|
|
|
Remember Your Customers
|
|
Customers want that type of personalized attention too.
If, for example, you know they're a teacher or a dog lover and you
provide services especially for them, they'll support your company.
But how can you take on such a big task with all your other obligations
and expenses? Thanks to the net's capabilities, companies can largely
automate the process. Exchange Applications provides technological
solutions that allow companies to look at a customer's spectrum
of behavior, both offline and online, to better tailor marketing
messages. CEO Andy Frawley explains how to get started.
|
Get a Picture of Your Customer
|
The first step is to use software to take a look at the
most important pieces of customer information. "Try to find the
high impact pieces of information," Frawley says. "Understand recent
purchases across channels, recent communications, external data
- how they're behaving, what their credit ratings are." After that,
companies will want to get a handle on a customer's history. "What
have they bought over the last two or three years? What offers have
been made over the last six months?" Frawley suggests that companies
find out. "Is the customer happy? Are they asking about buying more
products or are they complaining? Learning all this represents a
tremendous opportunity to increase customer value - or to destroy
customer value if done poorly." By synthesizing a customer's history
with present behavior, businesses have a road map to the future.
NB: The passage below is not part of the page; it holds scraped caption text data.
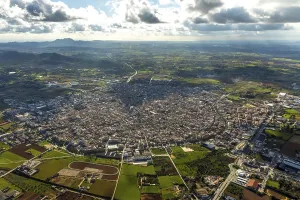 Aerial view, View of Manacor with meadows and fields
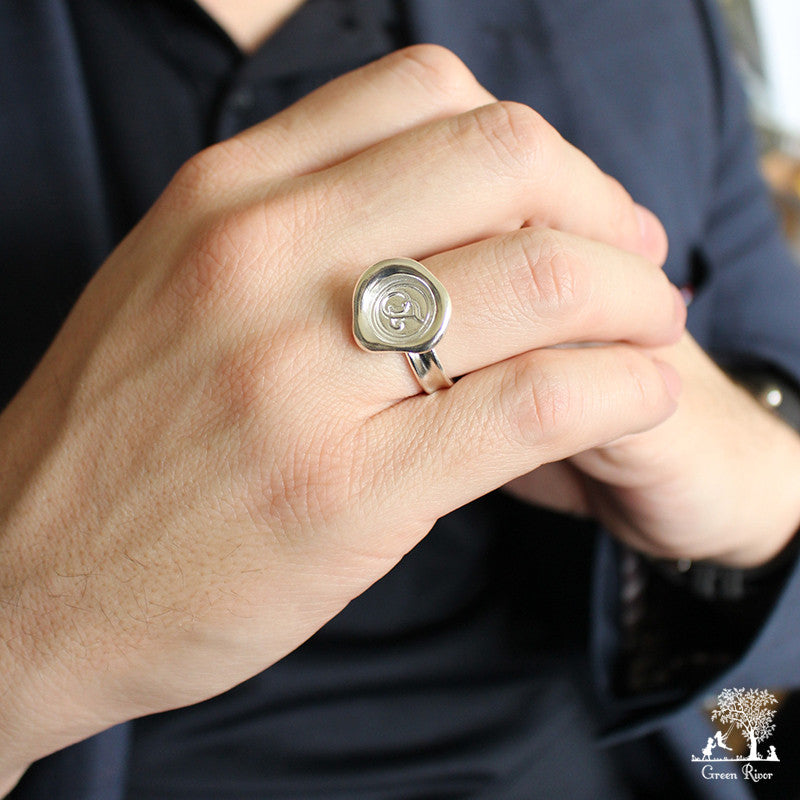 Sterling Silver Wax Seal Ring - Initial Monogram Z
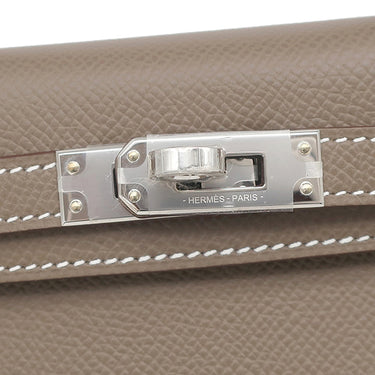 エルメス HERMES ミニケリードゥ 外縫い エトゥープ ヴォーエプソン 2WAYバッグ シルバー金具 グレージュ ハンドバッグ ショルダー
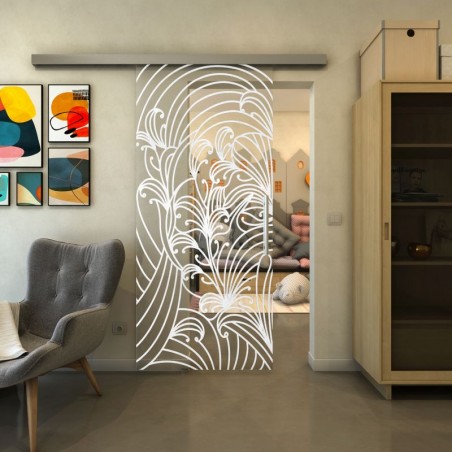 Glasschiebetür SLIM-LINE - Fineprint Model 200 Weiss auf Klarglas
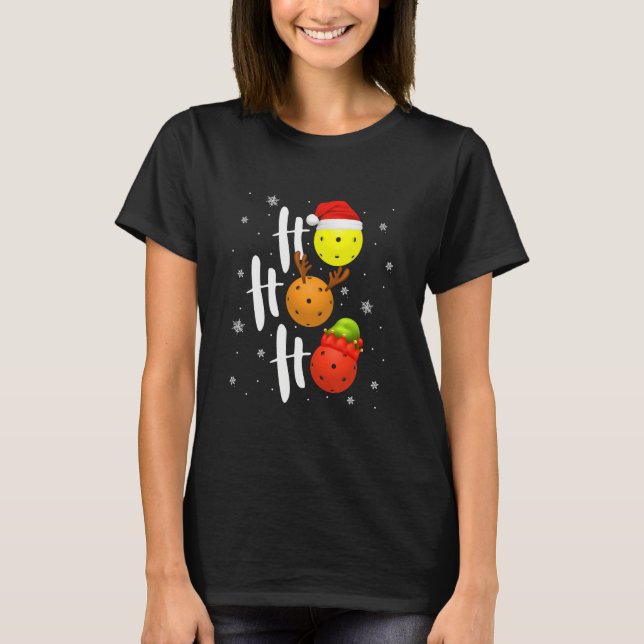 Pickleball Christmas Funny Santa Hat T-Shirt (Vorderseite)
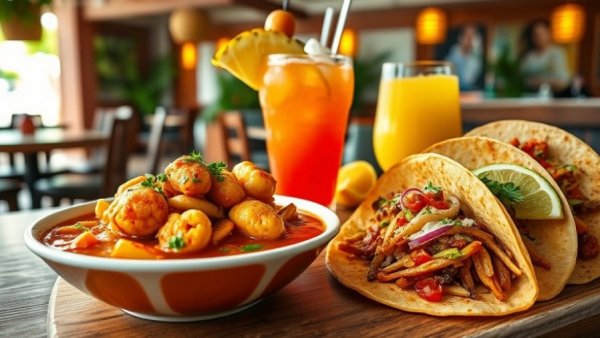 Colorful Caribbean dishes and tropical drink at Bahama Breeze in Michigan.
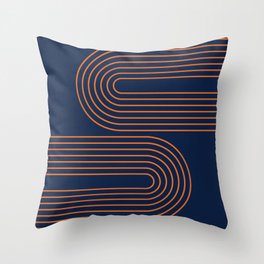 Geometric Lines Rainbow 9 in Navy Blue Orange Throw Pillow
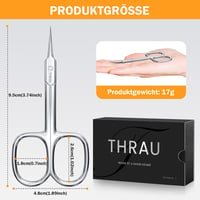 THRAU Precíz Körömágy Olló Görbített Csúccsal - Rozsdamentes Manikűr Pedikűr Körömvágó 6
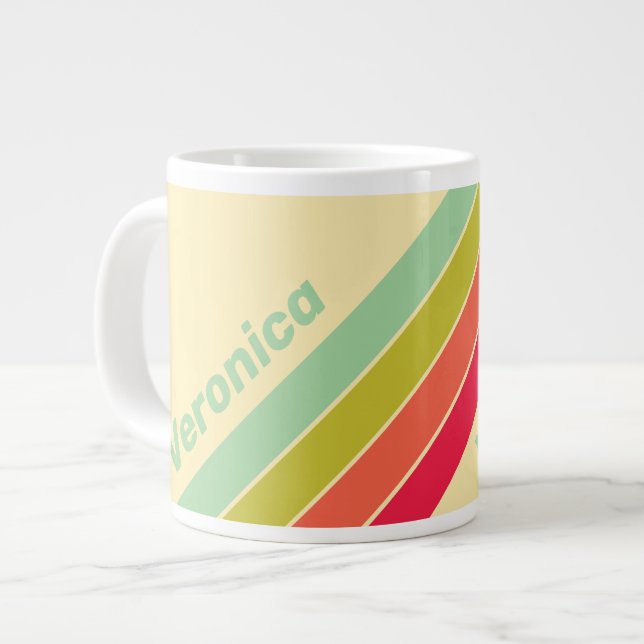 Taza De Café Gigante Buttercream Whisper Stripes with Name (Izquierda)
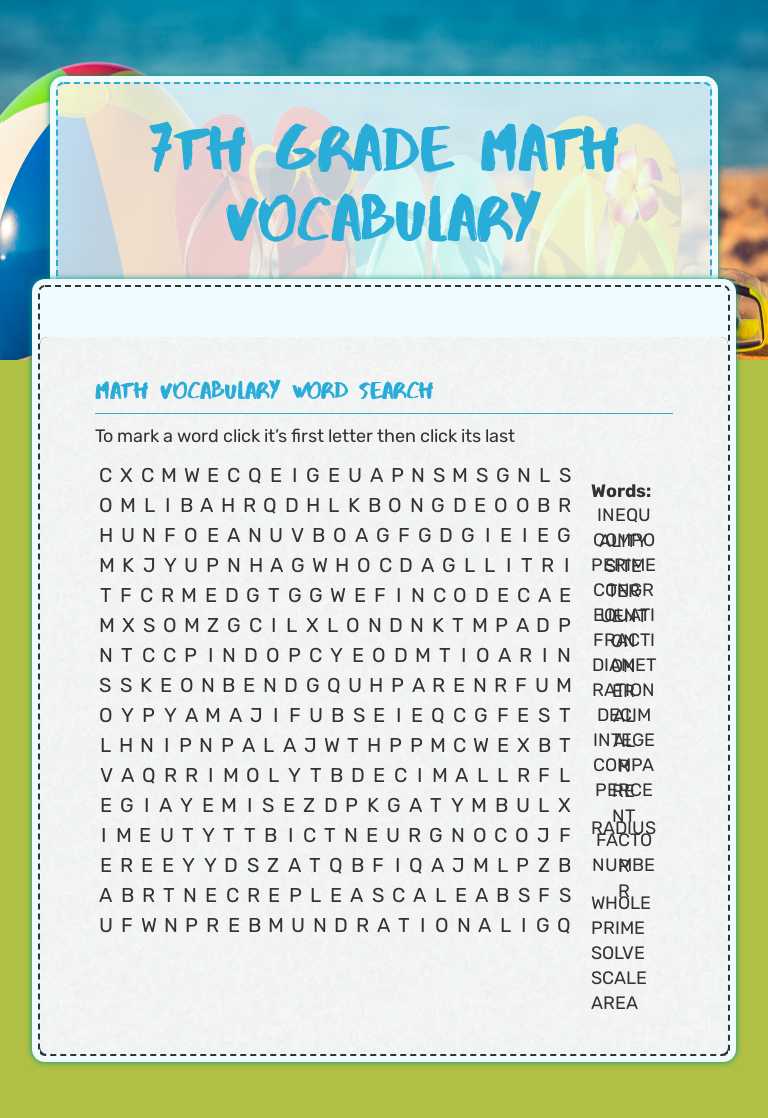 7th grade Math Vocabulary Grade 7 worksheet preview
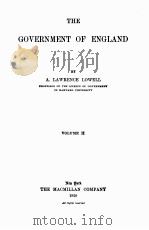 THE GOVERNMENT OF ENGLAND VOLUME II（1920 PDF版）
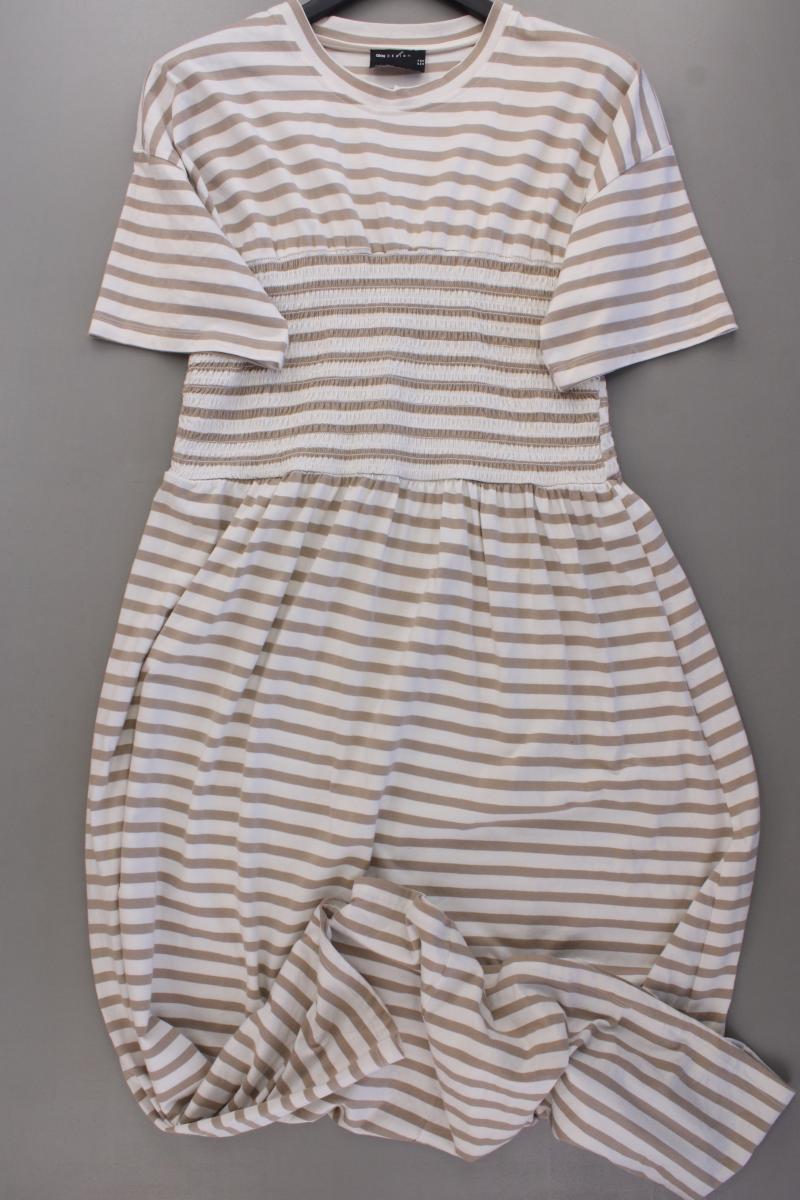 Asos Kurzarmkleid Gr. 42 gestreift creme aus Baumwolle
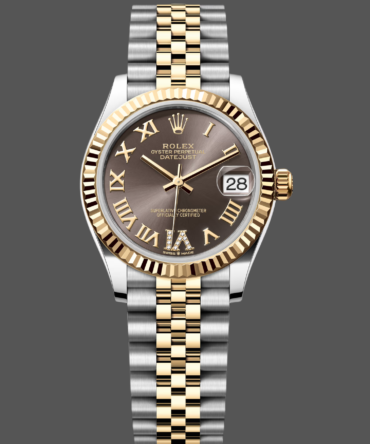 Rolex Datejust 31mm Stainless Steel and Yellow Gold 278273 0018 Grey VI Roman Jubilee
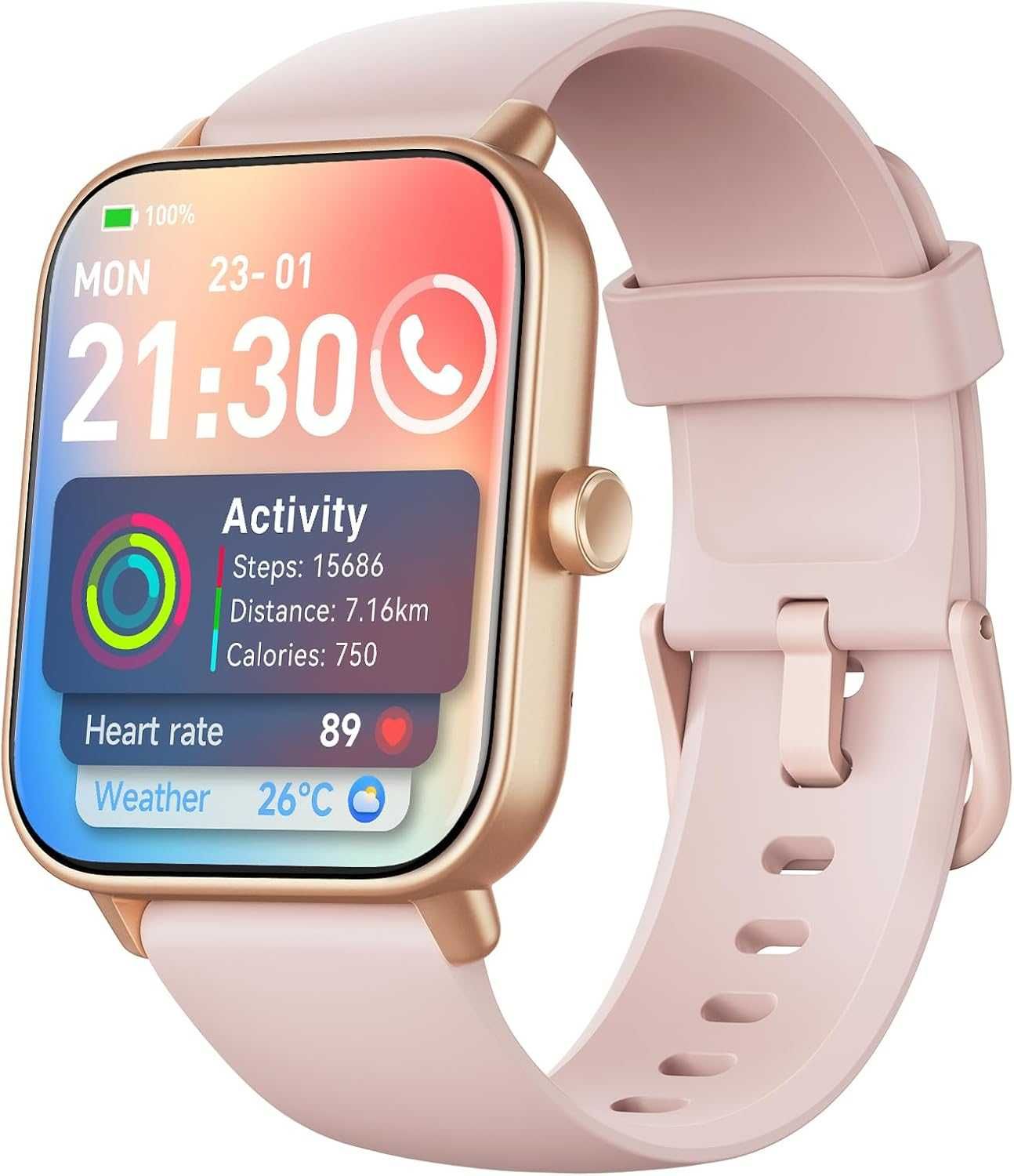 Smartwatch damski 2 SZTUKI 1,8", puls, SpO2, stres, Alexa, IP68, sport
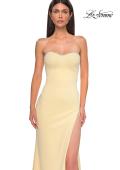 Picture of: Jersey Strapless Dress with Sweetheart Rhinestone Lined Neckline in Pale Yellow, Style 32829, Detail Picture 9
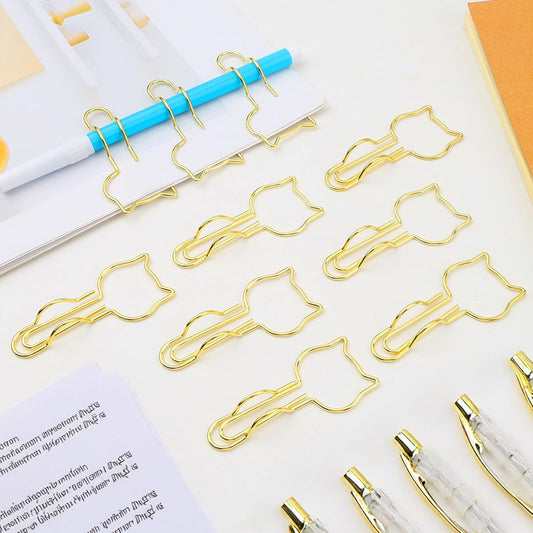 10-Pack Metal Pen Clips - Cute Cat Shaped Gold Paperclip Pen Holder for Notebooks and Papers - Metal Pen Clip Holder and Pen Holder Clip - School Office Supplies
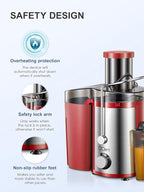 Juicer Machine, 800W Centrifugal Juicer Extractor with Wide Mouth 3” Feed Chute for Fruit Vegetable, Easy to Clean, Stainless Steel, BPA-free (Red)
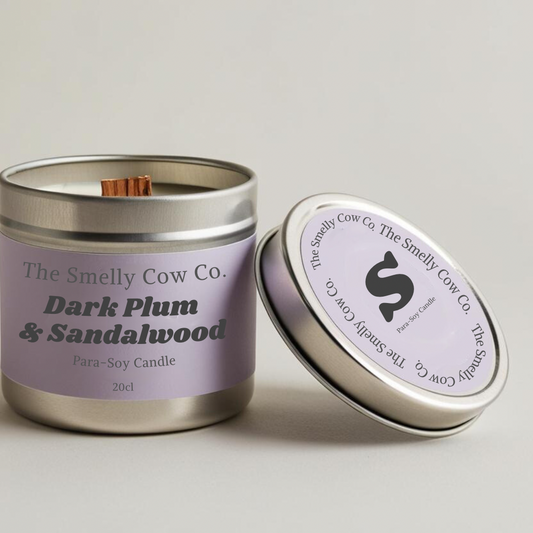 Dark plum & sandalwood wood wick candle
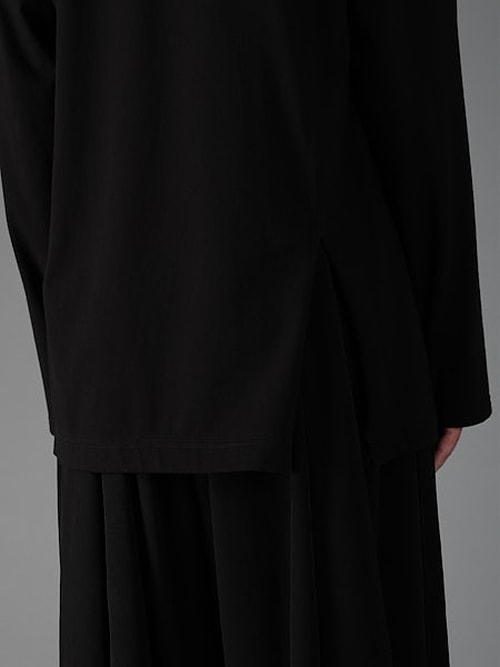 Ground Y�����饦��ɥ磻/30/- COTTON JERSEY MIX TIERED LONG SLEEVED T/BLACK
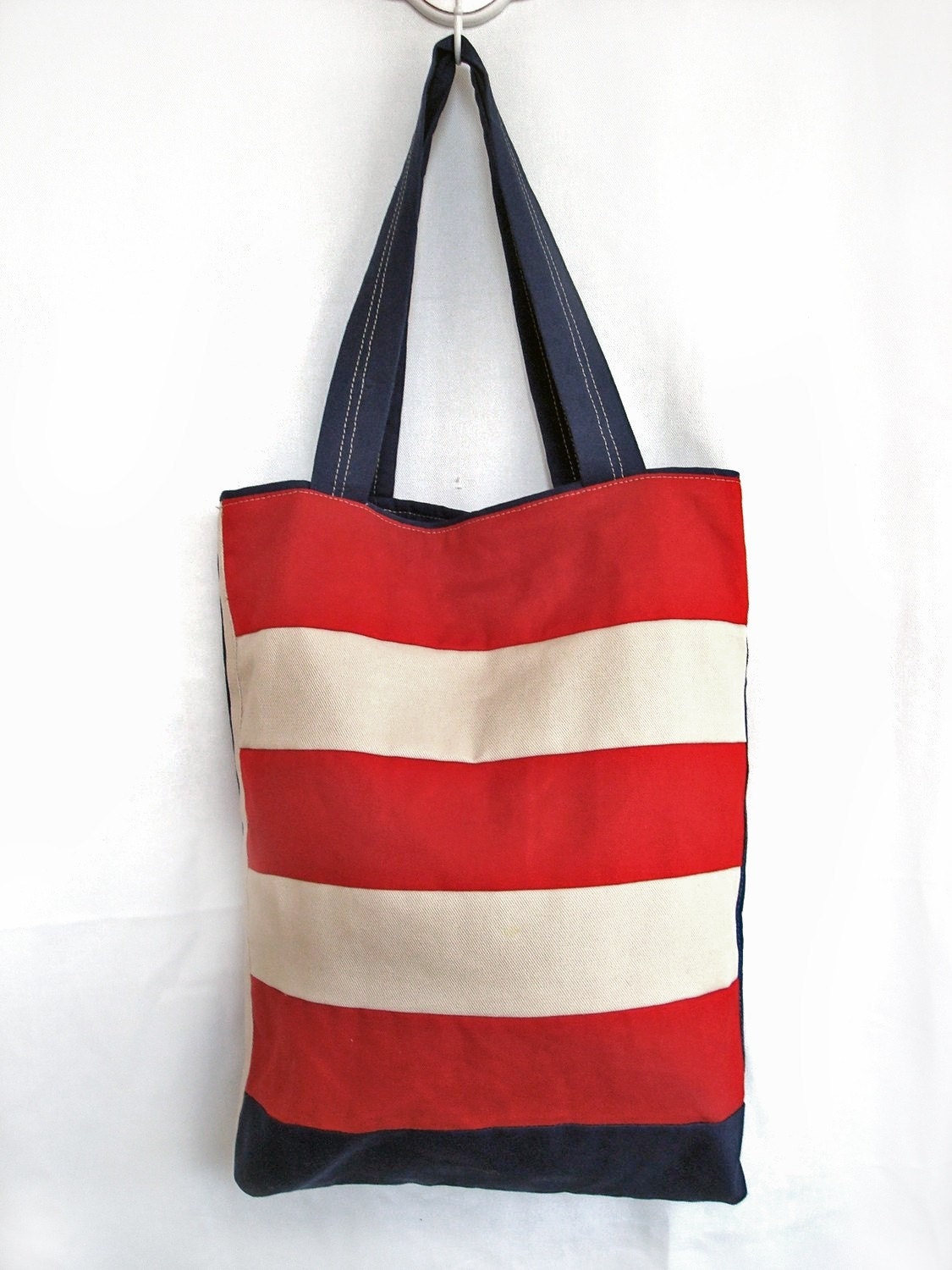 Beach bag, Red white nautical tote, shoulder bag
They know what markets they're trying to reach, and they can try
different approaches.
|
Follow the Money
|
Once a company has analyzed customer behavior, it's time
to get down to the nitty-gritty: Which customers are worth spending
time on? Wooing an unprofitable customer may be throwing good money
after bad, while catering to a profitable customer may well improve
your bottom line. "Understand not only the revenue from a customer
but also the profitability of a customer. Understand the revenue
less the cost of goods sold, as well as the cost to service a customer,
to market to a customer," Frawley says.
|
If it costs your company a lot to sell to a customer,
it may be that the time spent selling could be more profitably used
elsewhere. "What you see in businesses is that a frontline employee
- a bank teller, for example - thinks someone is a very good customer
who in fact may be an unprofitable customer. Somebody who comes
in and spends a half hour talking to them every Friday morning may
have only $1,000 in their checking account," Frawley says. It may
sound callous to favor one customer over another, but when resources
are scarce, it makes good economic sense.
|
Can't Test? Don't Do It!
|
Companies may also waste time and energy on marketing
gambits that ultimately don't work. It's all too easy to get so
caught up in planning that no forward moves are made.
|
"We encourage people to aggressively test their way to
success," says Frawley. "Don't try to analyze the situation forever,
but get into the market, try different personalization techniques
and approaches, cross-sell or up-sell programs - whatever the case
may be. And be able to measure it because if you can't measure it,
you're just shooting in the dark." The web is fast, so your business
must be faster. Luckily, marketing online is cheaper than traditional
marketing. Don't be afraid to test all sorts of approaches. The
money you spend now can pay off big on the bottom line.
|
Once you have a picture of your customers, it's your job
to decide what messages you'll send. By really looking at the customers
who make you money, you can decide which way you want to head. Many
small business owners worry about spending the time and money it
takes to examine customers. But would you head off on a drive to
a strange city without a road map? Marketing to customers without
information on who they are makes even less sense.
|
One of Dale Carnegie's first rules in How to Win Friends
and Influence People is to remember people's names. Someone who
knows you've gone to the trouble to remember them is more impressed
with you. So why should it be any different for marketing?